Così, ad esempio, le donne erano considerate come persone imperfette e, anche all'interno dello stesso mondo maschile, la struttura gerarchica era tale che anche la maggior parte dei maschi era condannata a stare in basso. La schiavitù ha assunto forme diverse nel corso dei secoli. Ma è interessante che anche nelle lettere di San Paolo si ammoniva: "Schiavi obbedite ai vostri padroni". Quindi, il concetto di schiavitù istituzionale era ovviamente visto come un ingrediente chiave per perpetuare e mantenere il sistema patriarcale. Il concetto di regalità è molto forte nell'Induismo, è forte nel Buddismo, anche se non è considerato una religione, e naturalmente raggiunge una sorta di apice di sviluppo nella religione monoteista. Stiamo descrivendo un sistema di potere che è diventato così religiosamente validato che per centinaia o migliaia di anni nessuno si è sognato di metterlo seriamente in discussione. Anzi, credo sia bene dirlo, è solo a metà del XX secolo e successivamente che si è cominciato a metterlo seriamente in discussione. E naturalmente la questione continua e ci sono ancora, purtroppo va detto, istituzioni sociali e religiose che vedono ancora questo sistema come fondamentalmente sacro.

Il legame con il pensiero greco classico è estremamente importante, per vedere e capire le strutture di potere che sono endemiche al cristianesimo ancora oggi, perché questo è stato il grande passo che ha iniziato a influenzare pesantemente la nostra concezione cristiana. È stato sovvertito per quasi 2.000 anni e può essere descritto come la memoria pericolosa del cristianesimo. Nei Vangeli è descritto come il Regno di Dio, che io, e altri, suggeriamo di ritradurre come la Compagnia del Potenziamento.

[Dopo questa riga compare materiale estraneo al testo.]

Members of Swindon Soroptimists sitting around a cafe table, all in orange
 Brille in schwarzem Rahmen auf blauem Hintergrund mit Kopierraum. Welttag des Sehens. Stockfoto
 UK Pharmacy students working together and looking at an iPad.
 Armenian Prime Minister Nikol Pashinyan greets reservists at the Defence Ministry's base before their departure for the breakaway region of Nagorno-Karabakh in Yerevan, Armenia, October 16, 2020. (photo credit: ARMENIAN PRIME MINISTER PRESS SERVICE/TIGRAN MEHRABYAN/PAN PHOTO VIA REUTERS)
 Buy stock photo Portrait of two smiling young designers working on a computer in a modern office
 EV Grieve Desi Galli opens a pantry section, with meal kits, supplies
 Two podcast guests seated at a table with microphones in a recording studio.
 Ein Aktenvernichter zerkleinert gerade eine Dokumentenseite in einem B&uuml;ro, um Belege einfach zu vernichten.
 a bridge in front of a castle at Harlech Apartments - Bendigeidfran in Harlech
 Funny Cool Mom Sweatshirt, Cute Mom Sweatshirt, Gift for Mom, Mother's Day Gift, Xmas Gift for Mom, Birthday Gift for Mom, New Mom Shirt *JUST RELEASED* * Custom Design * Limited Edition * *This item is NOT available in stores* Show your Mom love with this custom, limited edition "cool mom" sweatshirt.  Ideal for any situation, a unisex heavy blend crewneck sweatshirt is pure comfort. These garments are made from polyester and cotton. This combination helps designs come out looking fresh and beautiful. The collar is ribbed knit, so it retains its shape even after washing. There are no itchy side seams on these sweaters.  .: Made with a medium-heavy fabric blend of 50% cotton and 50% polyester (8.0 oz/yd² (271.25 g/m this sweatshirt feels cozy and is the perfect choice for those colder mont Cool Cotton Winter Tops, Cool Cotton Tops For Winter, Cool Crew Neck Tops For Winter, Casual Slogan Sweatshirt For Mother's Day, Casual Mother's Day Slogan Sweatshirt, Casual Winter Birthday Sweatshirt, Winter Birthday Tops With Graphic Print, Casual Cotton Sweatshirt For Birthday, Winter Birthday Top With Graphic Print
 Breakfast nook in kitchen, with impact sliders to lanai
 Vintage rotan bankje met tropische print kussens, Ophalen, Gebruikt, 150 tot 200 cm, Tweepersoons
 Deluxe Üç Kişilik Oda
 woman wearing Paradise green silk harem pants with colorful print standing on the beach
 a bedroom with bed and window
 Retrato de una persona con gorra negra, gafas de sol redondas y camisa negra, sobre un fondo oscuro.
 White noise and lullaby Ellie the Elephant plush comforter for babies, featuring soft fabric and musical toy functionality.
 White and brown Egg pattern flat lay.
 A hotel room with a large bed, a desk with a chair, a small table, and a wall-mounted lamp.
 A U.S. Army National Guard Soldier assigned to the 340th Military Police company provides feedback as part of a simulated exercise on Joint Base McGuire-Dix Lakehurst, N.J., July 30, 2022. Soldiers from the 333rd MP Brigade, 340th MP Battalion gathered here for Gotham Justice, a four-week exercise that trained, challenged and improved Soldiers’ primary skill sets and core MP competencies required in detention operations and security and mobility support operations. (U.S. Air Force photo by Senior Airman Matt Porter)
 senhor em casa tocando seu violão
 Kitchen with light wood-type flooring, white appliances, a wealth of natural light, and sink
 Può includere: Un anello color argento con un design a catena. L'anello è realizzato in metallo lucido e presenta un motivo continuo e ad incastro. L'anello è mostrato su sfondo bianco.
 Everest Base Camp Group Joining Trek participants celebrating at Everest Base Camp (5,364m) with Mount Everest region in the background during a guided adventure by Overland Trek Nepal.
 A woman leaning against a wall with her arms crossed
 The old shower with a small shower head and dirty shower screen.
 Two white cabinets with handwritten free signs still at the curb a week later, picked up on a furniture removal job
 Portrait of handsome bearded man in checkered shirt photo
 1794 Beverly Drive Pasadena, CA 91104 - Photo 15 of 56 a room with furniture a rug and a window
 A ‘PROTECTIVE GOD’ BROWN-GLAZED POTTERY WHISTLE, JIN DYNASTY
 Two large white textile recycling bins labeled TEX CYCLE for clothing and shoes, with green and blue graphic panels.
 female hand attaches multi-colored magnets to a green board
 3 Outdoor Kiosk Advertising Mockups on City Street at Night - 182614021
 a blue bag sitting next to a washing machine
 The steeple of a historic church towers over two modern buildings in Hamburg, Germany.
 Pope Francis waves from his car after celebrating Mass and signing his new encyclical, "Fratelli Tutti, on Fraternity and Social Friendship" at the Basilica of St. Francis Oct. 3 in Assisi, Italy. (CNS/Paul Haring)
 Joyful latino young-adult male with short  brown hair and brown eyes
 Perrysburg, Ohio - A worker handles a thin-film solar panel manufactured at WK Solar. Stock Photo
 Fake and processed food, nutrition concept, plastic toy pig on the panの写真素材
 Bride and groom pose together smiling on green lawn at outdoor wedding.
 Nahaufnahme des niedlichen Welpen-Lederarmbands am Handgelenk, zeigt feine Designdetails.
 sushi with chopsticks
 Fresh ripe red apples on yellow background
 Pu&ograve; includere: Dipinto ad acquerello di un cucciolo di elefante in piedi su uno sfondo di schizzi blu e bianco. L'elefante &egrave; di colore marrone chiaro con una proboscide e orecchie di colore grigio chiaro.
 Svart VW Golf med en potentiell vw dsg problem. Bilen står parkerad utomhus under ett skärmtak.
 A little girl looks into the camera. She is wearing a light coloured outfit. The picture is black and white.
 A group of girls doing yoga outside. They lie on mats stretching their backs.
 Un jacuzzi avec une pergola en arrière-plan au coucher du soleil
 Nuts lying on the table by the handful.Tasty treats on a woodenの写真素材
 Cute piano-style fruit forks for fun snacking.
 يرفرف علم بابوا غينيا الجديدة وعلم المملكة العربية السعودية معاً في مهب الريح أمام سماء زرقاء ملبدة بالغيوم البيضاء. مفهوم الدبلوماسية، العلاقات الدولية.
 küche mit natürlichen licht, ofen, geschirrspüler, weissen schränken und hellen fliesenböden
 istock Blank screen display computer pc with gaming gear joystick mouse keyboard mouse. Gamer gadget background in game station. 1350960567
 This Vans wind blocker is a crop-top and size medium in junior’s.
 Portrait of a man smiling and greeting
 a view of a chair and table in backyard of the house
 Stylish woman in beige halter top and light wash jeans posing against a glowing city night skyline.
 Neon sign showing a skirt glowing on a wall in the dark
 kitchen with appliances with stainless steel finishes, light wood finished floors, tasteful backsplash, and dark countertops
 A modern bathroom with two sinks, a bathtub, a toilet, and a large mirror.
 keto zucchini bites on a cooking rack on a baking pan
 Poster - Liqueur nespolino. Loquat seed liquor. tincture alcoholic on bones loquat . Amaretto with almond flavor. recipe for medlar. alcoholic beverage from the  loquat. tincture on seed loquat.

Yago: Nel suo ultimo "In the beginning was the Spirit" ha scritto della necessità di valutare nuovamente la questione fondamentale dell'identità personale. Lei dice che "siamo definiti dalla rete della vita... gli esseri umani sono generati dal vuoto creativo. Noi non veniamo al mondo, ma ne usciamo". Al contrario, la visione antropocentrica e patriarcale della realtà ci ha in qualche modo portato a una percezione sbagliata di chi siamo veramente. Qual è per lei la principale area di preoccupazione che deve essere affrontata con urgenza in relazione alla nostra reale identità di esseri umani?

Diarmuid: Again, I trace the issue back to Aristotle. For Aristotle the human person is identified as the autonomous, independent, rational. Aristotle put huge emphasis on the way we use our reason, and on the fact that we stand apart from creation. Prior to the age of reason, let's call it, humans were viewed as being enmeshed within creation itself and therefore to become authentically human they needed to stand over against the natural world so that they could have a unique identity as human persons. That's the understanding of the human person adopted by Aristotle and by the classical Greek philosophy. Which today is completely taken for granted across most of the world, except of course by our indigenous peoples, who never have really bought into that. And it is widely used in our education systems all over the modern world. 

The same understanding of the human person was used in the Church councils of Chalcedon and Nicea, where the Christological doctrines were defined. It was that Aristotelian understanding of the human person that prevailed. Now the alternative which I suppose is more visible today, is particularly in those African spiritual cultures where they use the concept of Ubuntu (I am because we are). But certainly it is a shift in consciousness today, moving away from that of the human as a fierce competitor, over against everything else, reaping havoc not nearly on the human family but indeed on the planet itself.